Weston Ochse is the author of twenty books, most recently SEAL Team 666 and its sequel Age of Blood, which the New York Post called 'required reading' and USA Today placed on their 'New and Notable Lists.' His first novel, Scarecrow Gods, won the Bram Stoker Award for Superior Achievement in First Novel and his short fiction has been nominated for the Pushcart Prize. His work has appeared in comic books, and magazines such as Cemetery Dance and Soldier of Fortune. He lives in the Arizona desert within rock throwing distance of Mexico. He is a military veteran with 29 years of military service and currently returned from a deployment to Afghanistan. Please contact him through this site.

Monday, January 21, 2013

RIGHTEOUS, Story about PTSD, Makes Preliminary Bram Stoker Award Ballot


My short story RIGHTEOUS made the nomination list for the Bram Stoker Award for Short Fiction. Even though I've been through the process six times before, it's always kind of interesting that people care enough about my writing to read it and vote on it. Especially this story, which is one that was a catharsis for me as I wrote it. I can remember penning the final few pages in Sandy, Utah, in a hotel room. With all my time in the military it was difficult for me to write a story about a father who is stalking the man who recruited his son, the same son who never made it back from Iraq. RIGHTEOUS is a story about PTSD. It's a story about a thing called Secondary PTSD. It's also a story about guilt, both shared and individual, both human and that of our nation. It's a story about America's love of war. And of course it's a story about an insane father who talks to his dog. And of course, because it's a story written by me, the dog talks back.

Here's a very small sampling--

Five sentences changed my life forever.
Yes, I’ll marry you, is how Susan changed my life.
It’s a boy, is how a wide-hipped, chippy-eyed nurse changed my life.
Metastasized means that your wife’s breast cancer has spread to her lymph nodes is how the medical community gave up trying to save Susan and changed my life.
On behalf of a grateful nation, I present this flag as a token of our appreciation for the faithful and selfless service of your loved one for this country, is how a straight-faced Uncle Sam socked me in the heart.
Then one night I was three sheets to the wind with a bottle of Cutty Sark and Pulp Fiction blasting on television.
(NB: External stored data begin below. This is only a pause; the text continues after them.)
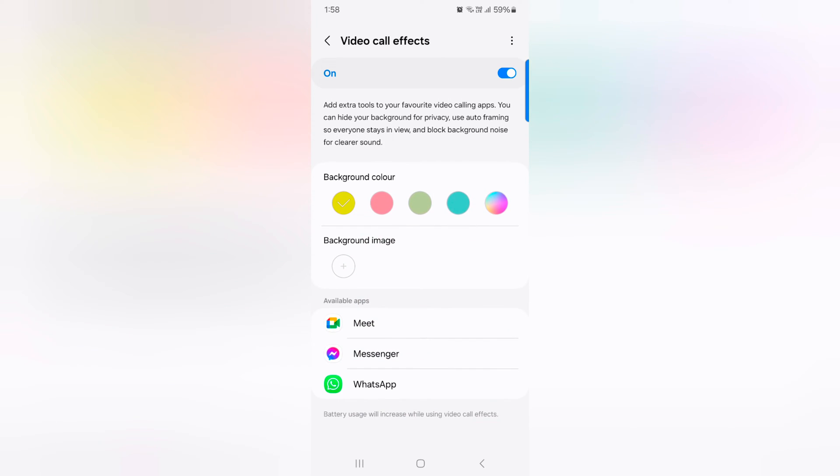Here you can see the list of available apps installed on your device that support the video call effect feature. When you use video call effect on a specific app, it will increase battery usage on your device.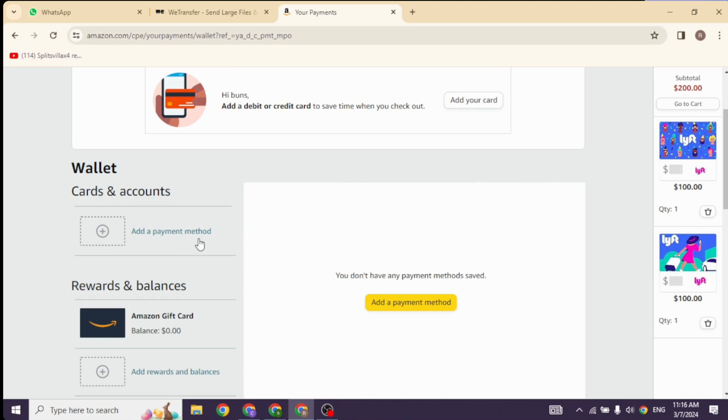In this page you will be able to find your payment method. Go ahead and click on the option of Edit. Once you click on Edit for your payment method and scroll to the right, you will find your billing address.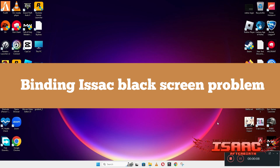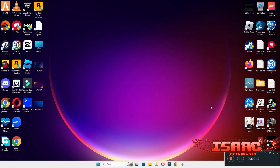Hello guys, welcome back to another video. In this video I will show you how to fix Binding of Isaac black screen problem in your Windows on PC and laptop. So to fix this issue follow every step as I am showing in this video. And do not forget to subscribe this channel and also press the bell icon for the latest upcoming videos.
When Samuel L. Jackson screamed the words from Ezekial 25:17, I sat up and was beset by a moment of clarity as he talked about the path of a righteous man. Then he said the words that started me on this path of the righteous man.
“Blessed is he who in the name of charity and goodwill shepherds the weak through the valley of darkness, for he is truly his brother's keeper and the finder of lost children. And I will strike down upon thee with great vengeance and furious anger those who attempt to poison and destroy my brothers. And you will know my name is the Lord when I lay my vengeance upon thee.”
And always, as Mutt is eager to point out my errors. Those are seven sentences, Dude.
“But they are seven good sentences,” I offer.
Mutt thinks for a moment, then nods. They are. Especially for an asshat.

Thanks to John Skipp for editing the Psychos anthology and for letting me be a part of it.